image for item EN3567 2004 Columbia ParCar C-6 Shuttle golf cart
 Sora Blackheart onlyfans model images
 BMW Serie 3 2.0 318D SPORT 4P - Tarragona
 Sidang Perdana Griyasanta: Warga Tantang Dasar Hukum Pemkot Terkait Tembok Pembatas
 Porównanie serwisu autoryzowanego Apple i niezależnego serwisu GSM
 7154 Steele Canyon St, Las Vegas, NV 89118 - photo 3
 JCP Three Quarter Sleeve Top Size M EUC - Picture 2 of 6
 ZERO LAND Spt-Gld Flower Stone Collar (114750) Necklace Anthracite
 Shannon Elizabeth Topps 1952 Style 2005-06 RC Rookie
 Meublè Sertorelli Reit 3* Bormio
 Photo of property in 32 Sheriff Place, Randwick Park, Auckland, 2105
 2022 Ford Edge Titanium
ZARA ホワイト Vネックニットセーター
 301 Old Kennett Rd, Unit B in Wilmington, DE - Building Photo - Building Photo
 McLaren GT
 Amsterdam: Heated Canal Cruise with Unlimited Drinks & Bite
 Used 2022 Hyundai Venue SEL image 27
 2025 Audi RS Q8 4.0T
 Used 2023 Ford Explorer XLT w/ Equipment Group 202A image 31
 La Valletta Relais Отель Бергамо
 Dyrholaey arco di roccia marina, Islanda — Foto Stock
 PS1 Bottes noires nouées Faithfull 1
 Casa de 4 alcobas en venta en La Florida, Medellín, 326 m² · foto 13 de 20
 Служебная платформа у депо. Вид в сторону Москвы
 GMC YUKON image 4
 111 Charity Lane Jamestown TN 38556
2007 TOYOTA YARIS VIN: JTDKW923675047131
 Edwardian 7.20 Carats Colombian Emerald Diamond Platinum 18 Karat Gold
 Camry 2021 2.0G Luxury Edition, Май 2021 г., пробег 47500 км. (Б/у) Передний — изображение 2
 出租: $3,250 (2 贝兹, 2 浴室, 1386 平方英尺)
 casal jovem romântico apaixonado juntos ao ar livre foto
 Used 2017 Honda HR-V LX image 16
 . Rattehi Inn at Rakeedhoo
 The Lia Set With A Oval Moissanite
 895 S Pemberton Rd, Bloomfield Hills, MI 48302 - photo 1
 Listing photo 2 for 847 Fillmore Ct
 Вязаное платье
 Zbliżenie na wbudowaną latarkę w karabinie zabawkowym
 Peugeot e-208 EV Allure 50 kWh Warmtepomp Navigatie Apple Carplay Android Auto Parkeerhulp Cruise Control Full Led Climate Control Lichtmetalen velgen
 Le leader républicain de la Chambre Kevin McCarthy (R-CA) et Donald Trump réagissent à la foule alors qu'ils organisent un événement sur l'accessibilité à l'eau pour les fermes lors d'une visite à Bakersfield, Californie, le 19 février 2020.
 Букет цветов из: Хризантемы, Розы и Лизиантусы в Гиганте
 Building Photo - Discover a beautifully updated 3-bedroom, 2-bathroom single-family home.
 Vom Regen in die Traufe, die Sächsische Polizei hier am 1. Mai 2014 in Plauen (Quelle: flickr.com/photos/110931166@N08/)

++++++

Exercise. Pick every line containing the word "Ford" out of the material, and copy those lines.

Solution for this exercise.
 2022 Ford Edge Titanium
 Used 2023 Ford Explorer XLT w/ Equipment Group 202A image 31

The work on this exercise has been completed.